─── RECORDS SUPPLIED ───

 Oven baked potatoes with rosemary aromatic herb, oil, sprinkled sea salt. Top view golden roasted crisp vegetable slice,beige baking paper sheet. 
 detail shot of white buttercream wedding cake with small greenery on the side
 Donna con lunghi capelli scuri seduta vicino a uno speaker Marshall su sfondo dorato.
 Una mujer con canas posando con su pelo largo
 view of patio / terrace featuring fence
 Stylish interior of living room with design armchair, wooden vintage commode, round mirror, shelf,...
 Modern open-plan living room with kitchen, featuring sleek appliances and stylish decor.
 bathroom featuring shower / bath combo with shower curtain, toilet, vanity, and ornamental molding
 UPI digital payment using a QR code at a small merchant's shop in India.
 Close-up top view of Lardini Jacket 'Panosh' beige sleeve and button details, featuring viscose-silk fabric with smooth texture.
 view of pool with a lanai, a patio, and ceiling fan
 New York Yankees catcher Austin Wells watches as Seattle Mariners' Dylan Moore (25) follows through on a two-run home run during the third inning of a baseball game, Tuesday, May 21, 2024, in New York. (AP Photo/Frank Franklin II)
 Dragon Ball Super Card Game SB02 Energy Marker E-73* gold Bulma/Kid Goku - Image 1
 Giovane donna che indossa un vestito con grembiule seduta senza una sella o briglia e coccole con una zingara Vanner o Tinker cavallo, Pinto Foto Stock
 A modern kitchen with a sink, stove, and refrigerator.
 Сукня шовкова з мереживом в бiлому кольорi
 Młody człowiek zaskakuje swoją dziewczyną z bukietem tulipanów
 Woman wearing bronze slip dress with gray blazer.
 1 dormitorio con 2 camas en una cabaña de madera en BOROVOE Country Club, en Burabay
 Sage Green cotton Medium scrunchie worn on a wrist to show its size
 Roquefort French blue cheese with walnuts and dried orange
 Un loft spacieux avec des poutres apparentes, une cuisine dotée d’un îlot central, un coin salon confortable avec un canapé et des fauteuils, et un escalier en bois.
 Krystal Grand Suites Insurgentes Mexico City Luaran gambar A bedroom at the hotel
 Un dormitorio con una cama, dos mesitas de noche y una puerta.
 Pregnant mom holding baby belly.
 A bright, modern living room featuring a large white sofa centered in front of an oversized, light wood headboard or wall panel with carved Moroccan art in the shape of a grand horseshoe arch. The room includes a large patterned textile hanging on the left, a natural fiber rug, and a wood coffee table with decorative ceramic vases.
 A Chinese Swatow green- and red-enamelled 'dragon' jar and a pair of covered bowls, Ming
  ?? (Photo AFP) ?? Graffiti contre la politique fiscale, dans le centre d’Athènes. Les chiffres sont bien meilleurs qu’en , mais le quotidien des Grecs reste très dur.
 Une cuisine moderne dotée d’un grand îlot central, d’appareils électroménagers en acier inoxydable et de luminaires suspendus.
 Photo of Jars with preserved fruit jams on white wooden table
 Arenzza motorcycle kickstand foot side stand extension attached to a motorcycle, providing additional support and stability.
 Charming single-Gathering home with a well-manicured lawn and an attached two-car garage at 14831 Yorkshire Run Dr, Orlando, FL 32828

───

**ABOUT THIS TASK:** Using the material above, count the lines containing the word "patio". Reply with the number alone.

**SOLUTION TO THE EXERCISE:** 2